Once an idea starts taking shape, the first tendency is to blow up the trumpets of imagination in terms of what it can possibly shape up into, instead of hunkering down on the task at hand.
After endless thoughts and debates about the disruptive possibilities of text production marrying voice distribution, I have decided to focus more on Deep fake tool implementation instead of reading research papers or looking at angel investment.
Overdub by Descript needs an upfront signup, so would exhaust the 7 day free trial more judiciously. Resemble AI sounds more promising in the longer term since they have an API integration possibility, instead of Overdub which has to be used on the local machine. But the bot training did not produce very encouraging output which leads me to suspect if anything off the shelf is powerful enough to voice over anything long form. A tactical work around would be to focus on byte sized text/ audio a la Naval’s tweet storm. However, that makes the product closer to Rupi Kaur than Pablo Neruda.

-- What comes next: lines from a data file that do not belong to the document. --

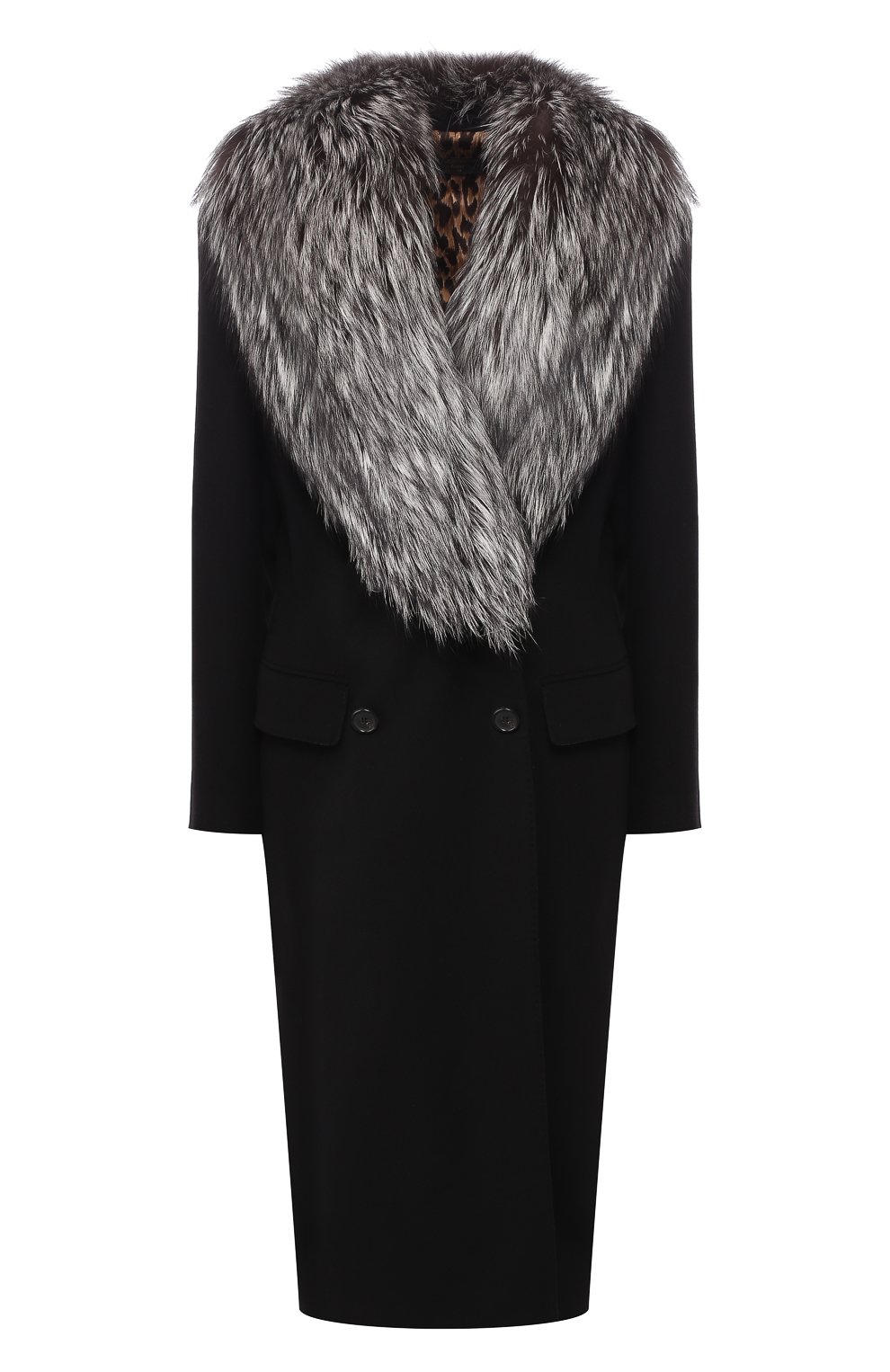 Шерстяное пальто с воротником из меха лисы DOLCE & GABBANA, арт. I0479W/FU3A1, фото 1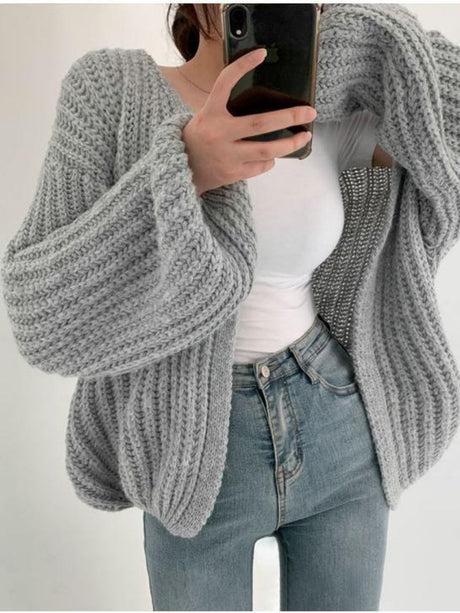 Solid Color Cardigans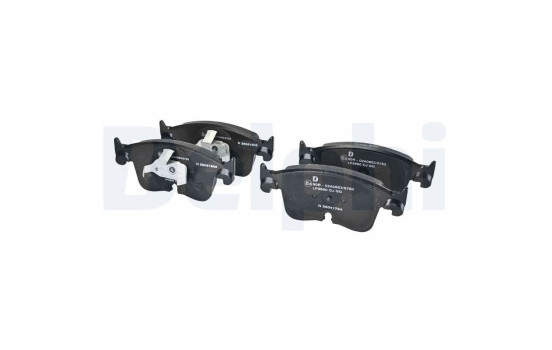 Brake pad set, disc brake LP3860 Delphi
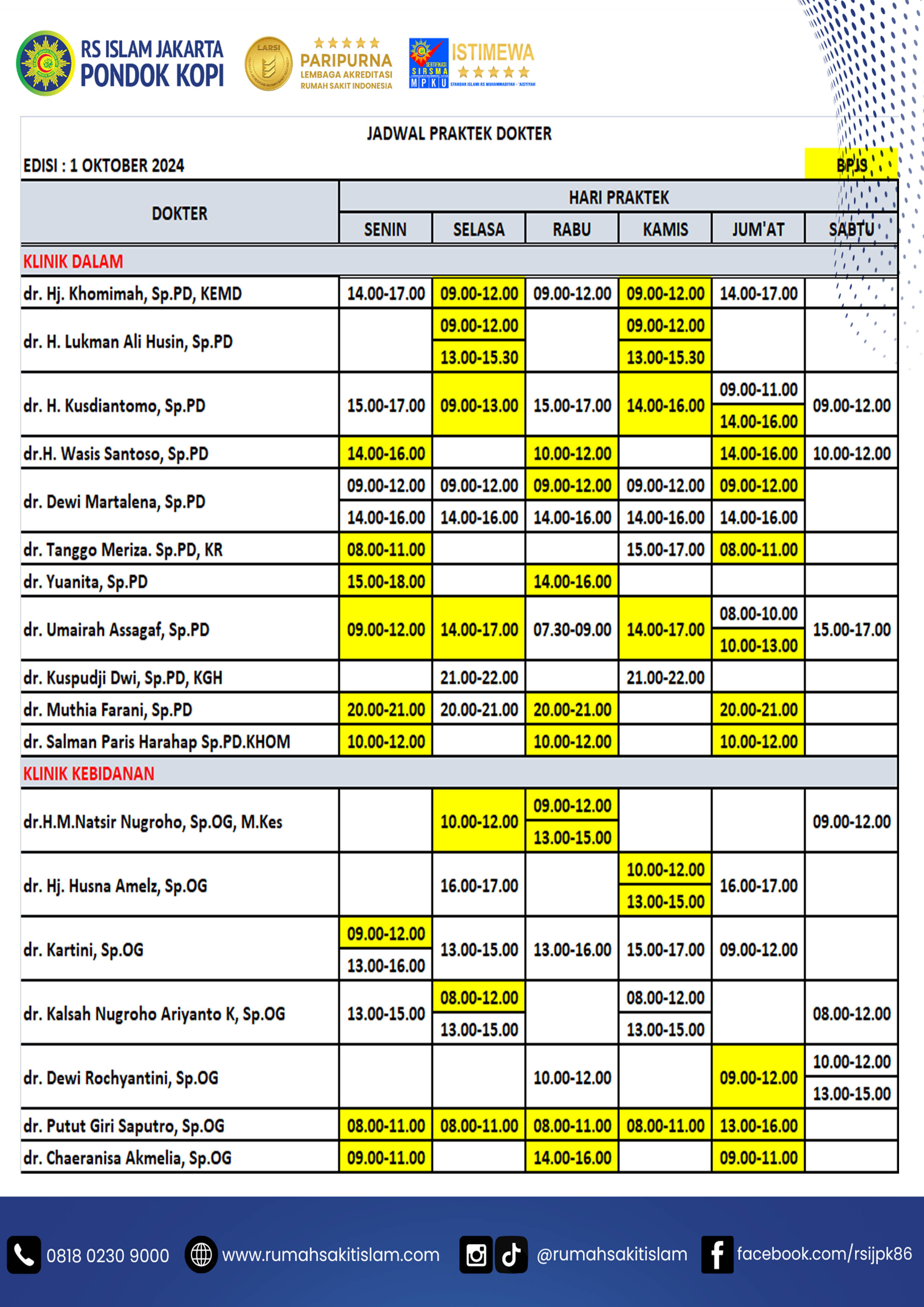 Jadwal Dokter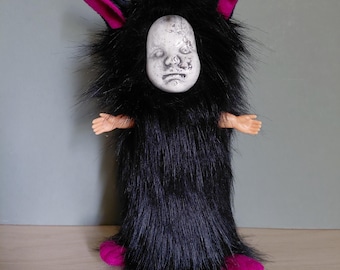 Halloween Ceramic Baby Long "Furby"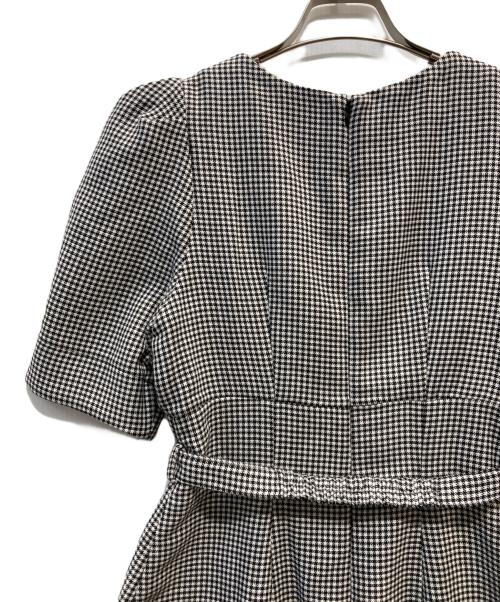 HER LIP TO（ハーリップトゥ）Her lip to (ハーリップトゥ) Lady Checkered Belted Midi Dress ブラック サイズ:Sの古着・服飾アイテム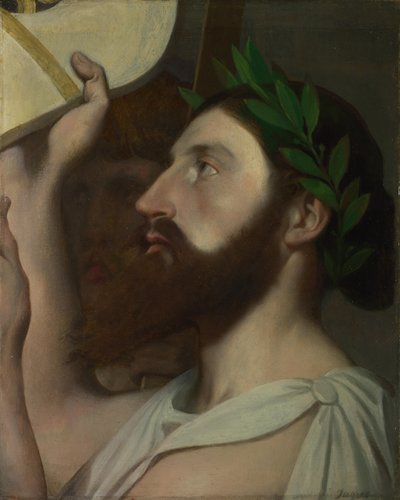 Pindar and Ictinus, Between 1830 and 1867 by Jean Auguste Dominique Ingres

The next step is to quickly (very quickly) implement a clean deep fake voice over for the next edition and set up Anchor/ Soundtrap for distribution. Most of the conversation online about voice cloning has tended to revolve around the tool’s efficacy instead of usage in art production. But the arbitrage in this case lies in figuring out the distribution. The million dollar question is not how well can deep fakes replicate Jay Z or Aaron Sorkin. We know the answer to that already. The non trivial question is how would information be consumed in the future? Would AR kill text? Is audio resurgence in the Youtube era a pattern we would see often? Or does Neuralink disrupt sensory perception completely?
I’d let the market educate me on that one.